_RECORDED INFORMATION_
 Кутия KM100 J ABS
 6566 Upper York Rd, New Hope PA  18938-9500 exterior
* * *
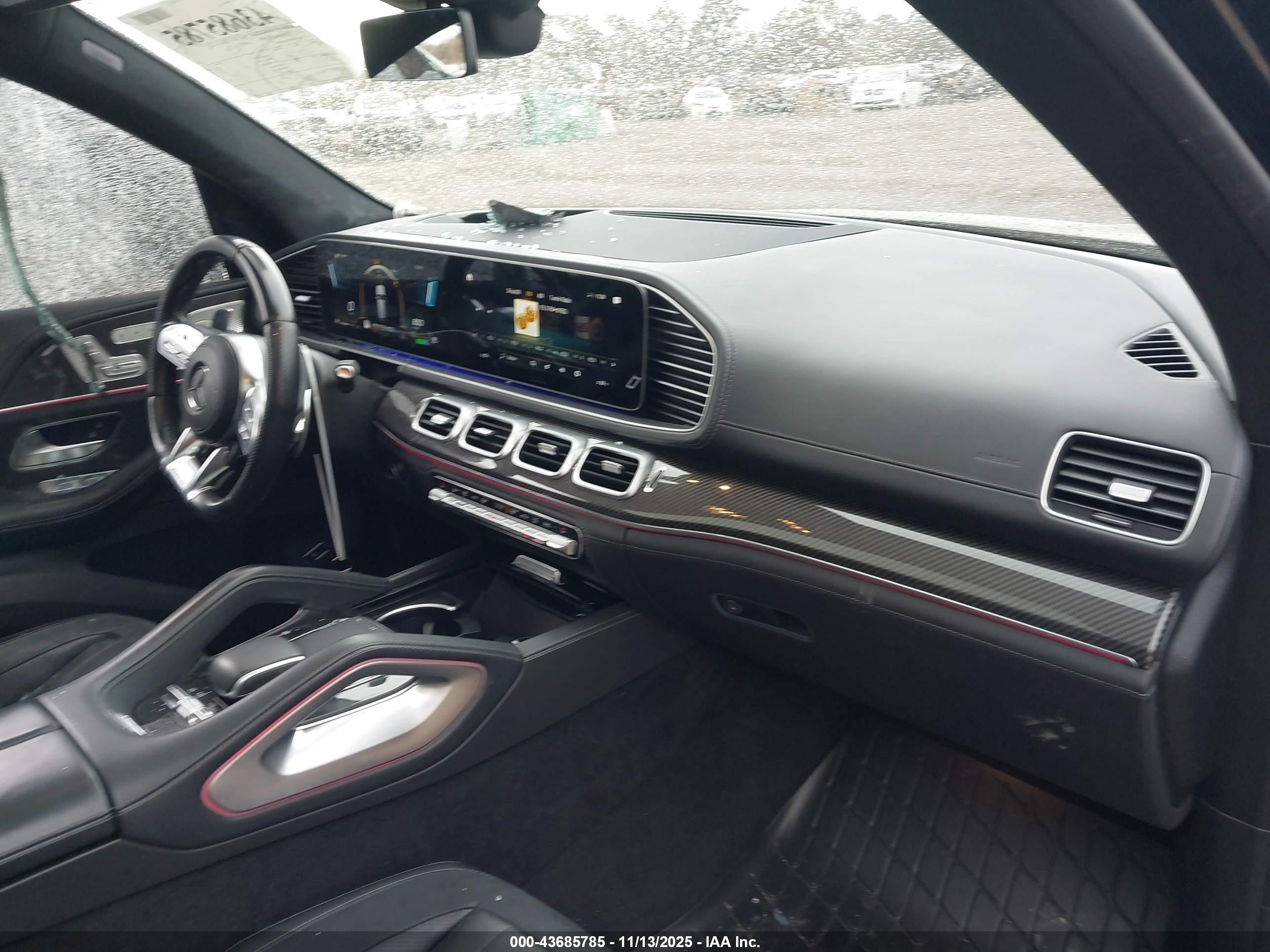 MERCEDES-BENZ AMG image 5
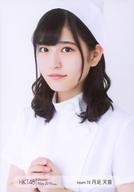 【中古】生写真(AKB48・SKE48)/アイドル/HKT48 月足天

_WHAT IS NEEDED_
Above are the records; from them, give again exactly the lines from the one containing "Кутия KM100 J ABS" to the one containing "6566 Upper York", both lines included, and nothing more.

_WRITTEN RESPONSE_
 Кутия KM100 J ABS
 6566 Upper York Rd, New Hope PA  18938-9500 exterior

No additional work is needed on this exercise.